La liberazione dei sofferenti
Nell’introduzione con cui ha aperto i lavori del Consiglio episcopale permanente della Cei, il presidente card. Matteo Zuppi ha ricordato la nostra responsabilità per “le sofferenze del nostro tempo e della nostra gente: inverno dell’ambiente, della società, dei divari territoriali, della denatalità, dell’educazione”. Siamo chiamati a prenderci cura con l’iniziativa dal basso, cioè ad aprire ad una maturazione della coscienza politica dalla base. Farci carico delle sofferenze è per noi un fatto eucaristico: il corpo dato e il sangue versato di Cristo fanno recuperare dignità, liberazione e redenzione a ogni sangue e ogni corpo offesi. Per noi questo significa l’ascolto dei sofferenti, vedere i loro volti come contempliamo nella Settimana Santa il volto di Gesù, e farci muovere in loro soccorso per liberarli e operare per l’armonia del Regno dei cieli.
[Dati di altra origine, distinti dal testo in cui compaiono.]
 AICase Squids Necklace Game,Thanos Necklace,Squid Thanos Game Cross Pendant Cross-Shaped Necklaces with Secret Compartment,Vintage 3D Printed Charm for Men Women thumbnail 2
La memoria delle croci è essa stessa un fatto eucaristico; uniamo le croci della storia umana a quella di Cristo per una redenzione. Nella risurrezione la morte e il suo corteo sono vinti; eppure, come Gesù, occorre passagli attraverso. La risurrezione passa dalla passione; il primo passaggio è sconfiggere in sé stessi la divisione, l’odio, il risentimento, l’egoismo come ha fatto e fa Gesù nel duello vita-morte dal Getsemani alla croce. Nella sequenza della Pasqua canteremo “morte e vita si sono affrontate in un prodigioso duello”: questo duello è la trama stessa della storia umana, è il punto in cui l’uomo, allontanatosi da Dio Padre con il suo rifiuto, viene raggiunto da Dio Figlio che scende fino agli inferi! Egli recupera tutti dalla morte e da ogni male. La speranza, infatti, sta nel versetto successivo: “il Signore della vita era morto, ma ora, vivo, trionfa”. Ebbene, noi siamo sempre fra questi due fatti. Ora, però, siamo ancora sotto il segno della croce, nella fragilità e fallibilità, seppure con la certezza della fede nella risurrezione. In questo duello dobbiamo inscrivere la nostra missione per la liberazione dei prigionieri, la libertà degli oppressi (Lc 4,18), portare il lieto annuncio ai poveri, fasciare le piaghe dei cuori spezzati, proclamare la libertà degli schiavi, la scarcerazione dei prigionieri, promulgare l’anno di misericordia del Signore; ricostruire le antiche rovine, rialzare gli antichi ruderi, restaurare le città desolate (cfr Is 61,1-4). Un progetto di pace che non deve mai essere dimenticato, meno che mai in questi tempi di guerra. A volte ci sentiamo impotenti, come Gesù sulla croce, ma abbiamo la riserva della speranza: lui, Gesù, non è stato abbandonato alla morte, è risorto. Il nostro impegno nella storia non è semplicemente militanza politica, è innanzitutto annuncio di risurrezione.